Rolling a die k times.

Question

If we roll a six face die $k$ times and sum all the results, which is the probability to get $n$ in the sum? ($k ≤ n ≤ 6k$). Which is the most probable $n$?

I think that the most probable one is $\frac{7k}{2}$ but I am not sure why.

Answer 1

This is not solution but a lead

(x1+x2+x3+x4+x5+x6)^k

6 class 1,2,3,4,5,6

The maximum coefficient occurs if K is distributed equally in 1 to 6 as so each one have k/6

So sum will ( 21×k/6)=7k/2

This is perfect if K is divisible by 6 but for rest need little bit more work

Answer 2

Sketch for a solution

Let $X_k$ a random variable that represent the throw of a six-sided fair dice, and set $Y:=X_1+X_2+\ldots +X_n$. Then $Y$ is the random variable that represent the sum of a throw of $n$ fair six-sided dice.

Suppose that $(d_1,d_2,\ldots ,d_n)$ are the values of a throw that add up to $s$, then necessarily $(7-d_1,7-d_2,\ldots ,7-d_n)$ add up to $7n-s$, and viceversa.

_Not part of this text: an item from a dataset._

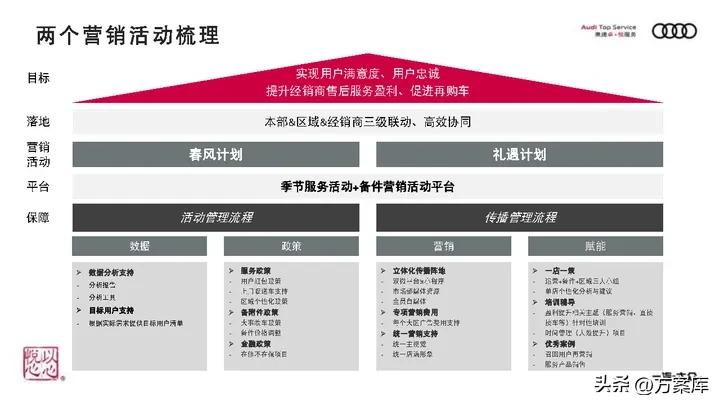 奥迪服务营销方案,奥迪服务产品促销策略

Hence $P[Y=s]=P[Y=7n-s]$. This shows that the PMF of the random variable that represent the sum of $n$ fair six-sided dice is symmetric respect to the mean.

Then to show that the modes of this distribution are $\lfloor 7n/2 \rfloor$ and $\lceil 7n/2 \rceil$ you need to show that $P[Y=s]$ increases from it minimum value ($n$) up to $\lfloor 7n/2 \rfloor$. However I dont see a simple way to show this even when I can write explicitly the PMF as $$ P[Y=s]=\frac1{6^n}\sum_{j\geqslant 0}(-1)^j\binom{n}{j}\binom{s-6j-1}{n-1} $$ The explanation for this formula is here.

Probably with a good bound for the error term from an approximation to the distribution of $Y$ using the central limit theorem we can show this, however I dont know a good bound for the error.